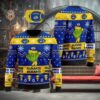 Los Angeles Rams American NFL Football Team Logo Cute Grinch Ugly Christmas Sweater, NFL Chritsmas Sweater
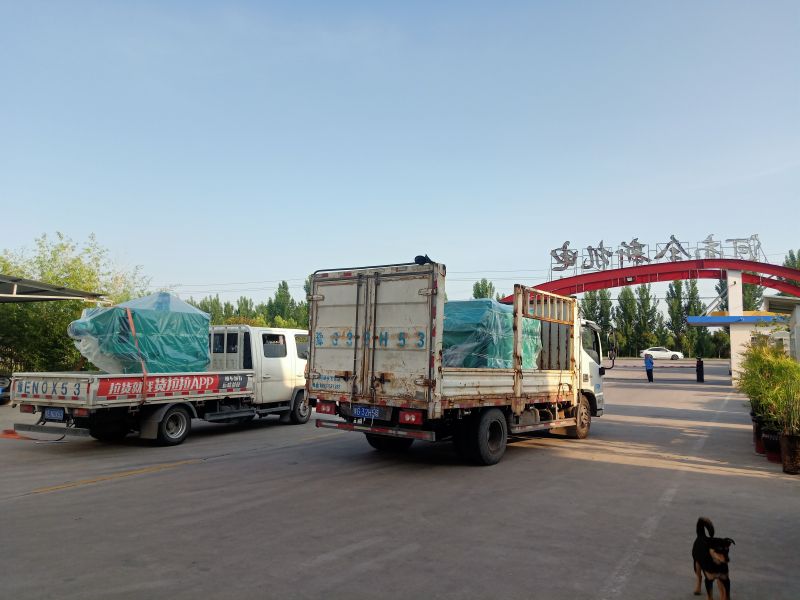 2台高壓（yā）電機發貨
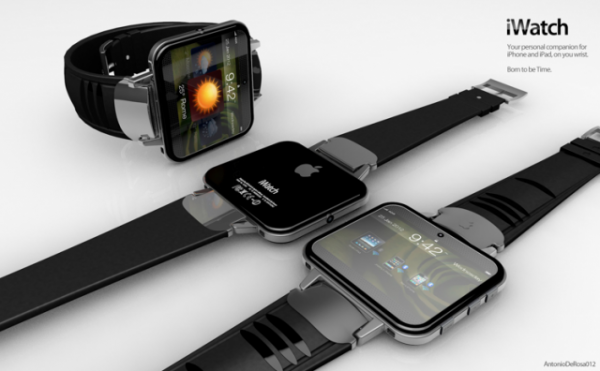 iWatch2 - концепт наручных часов Apple 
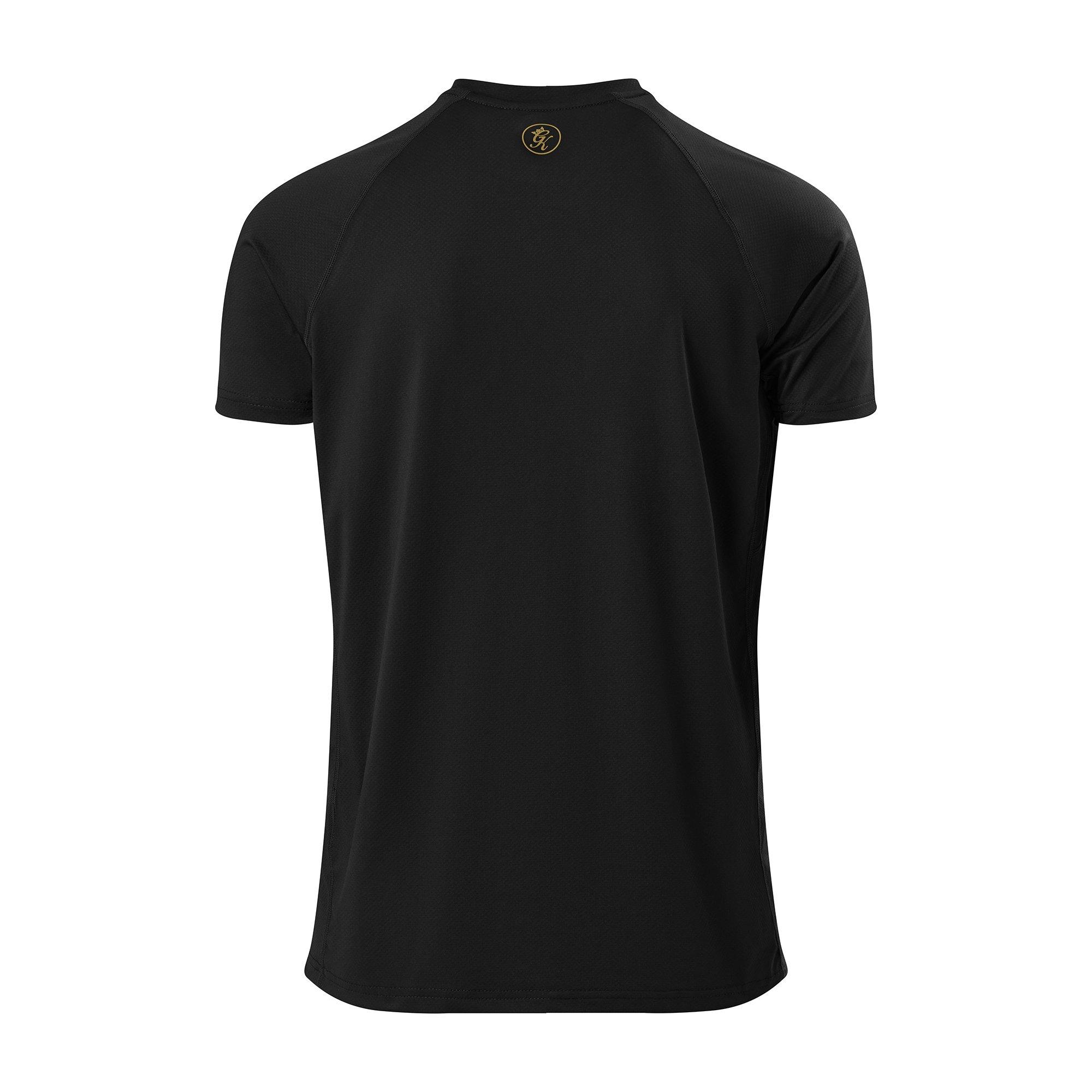 Black/Gold - Gym King - Gym King Energy Tee - 2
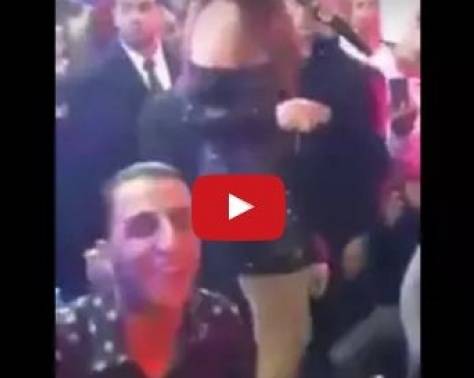 بالفيديو- هيفاء تغني "بوس الواوا".. وردّة فعل الشاب تشعل مواقع التواصل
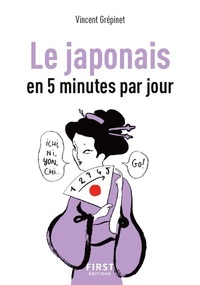 Image de Petit Livre de - le japonais en 5 minutes par jour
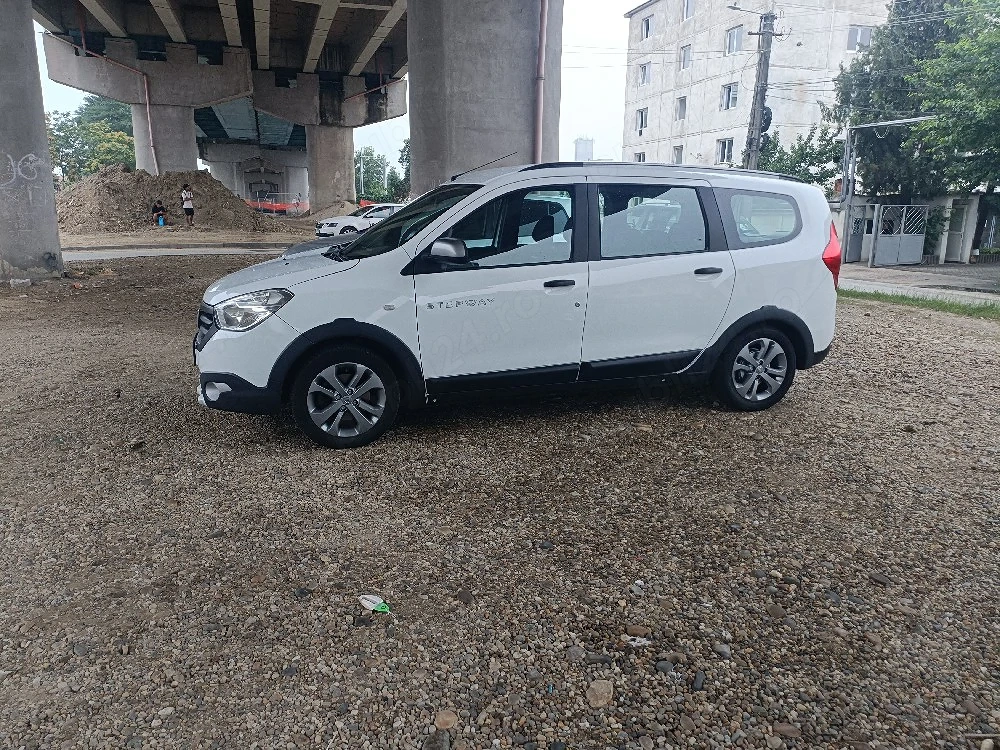 Dacia lodgy stepway 2015 euro 5; 1.2 116cp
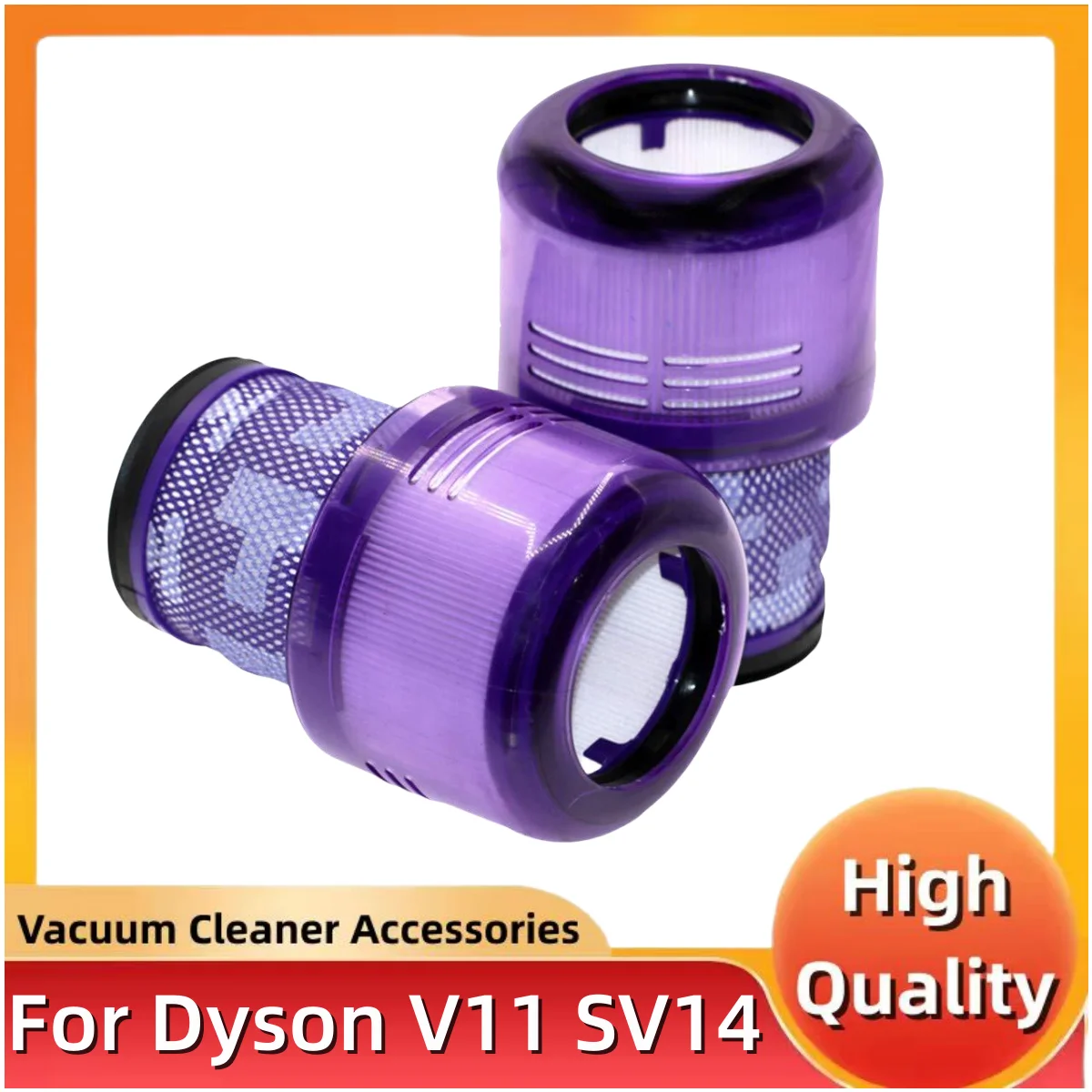 2 Pezzi Filtro Hepa Per Dyson V11 Sv14 Animal Plus Absolute Vacuum 970013-02 Pezzi Di Ricambio Di Ricambio Accessori Aspirapolvere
---*---
§ WHAT YOU NEED TO DO: Write out exactly, and nothing more than, the lines of the entries above from the line containing "Dacia lodgy stepway 2015 euro 5; 1.2 116cp" through the final line; omit any pictures.

§ SOLUTION TO THE PROBLEM:
 Dacia lodgy stepway 2015 euro 5; 1.2 116cp
 2 Pezzi Filtro Hepa Per Dyson V11 Sv14 Animal Plus Absolute Vacuum 970013-02 Pezzi Di Ricambio Di Ricambio Accessori Aspirapolvere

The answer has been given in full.